Discussion: What characteristics can be found in the Christian’s new nature?


The Light That Glorifies God—Matthew 5:13–16

From the inward nature of the Christ flows a light which cannot be hidden under a basket. We are the salt which never loses its taste. Christ had called upon His disciples to be, and to act, according to their new redeemed nature. Having been so blessed they are to present themselves as the salt and light to the world in which they live. If their salt has lost their flavor, “It is thenceforth good for nothing.” The oil of the lamp is that Christ like nature (Col. 3:10) given in the gift of salvation. The wick is that life which is lit with the light of the Spirit of Christ. Shall we hide it so that we even stumble in this world? Should we not show strength in time of crisis?
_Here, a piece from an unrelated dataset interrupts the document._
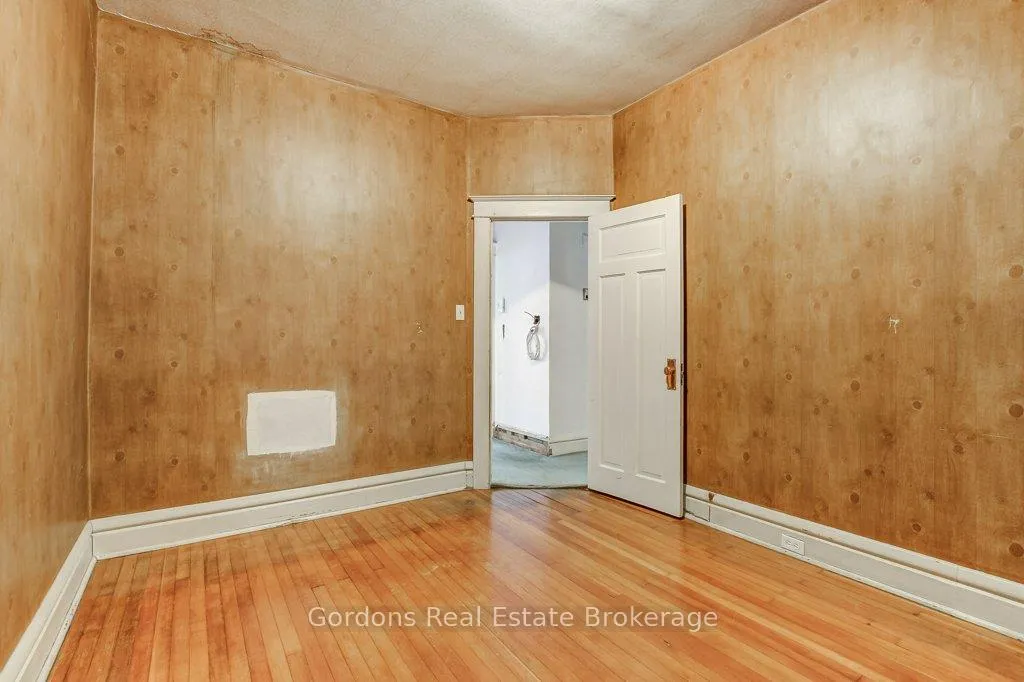 Photo 19 of 156 Sherman Avenue S, Hamilton, St. Clair — HOMEH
How do we know that we are being the salt and light in the world? What are we to do? Christ teaches us, “Let your light so shine before men, that they may see your good works, and glorify your Father which is in heaven.” To ‘glorify’ is to acknowledge, esteem, to recognize and honor the Father. Therefore to glorify the Father in our good works is to, by word and deed, show the Father as He is revealed, taught, in His Holy Scriptures; doing “all in the name (person) of the Lord Jesus, giving thanks to God and the Father by him” (Col. 3:17; 12–15).

Discussion: Why and how are we to be the salt and light of the world?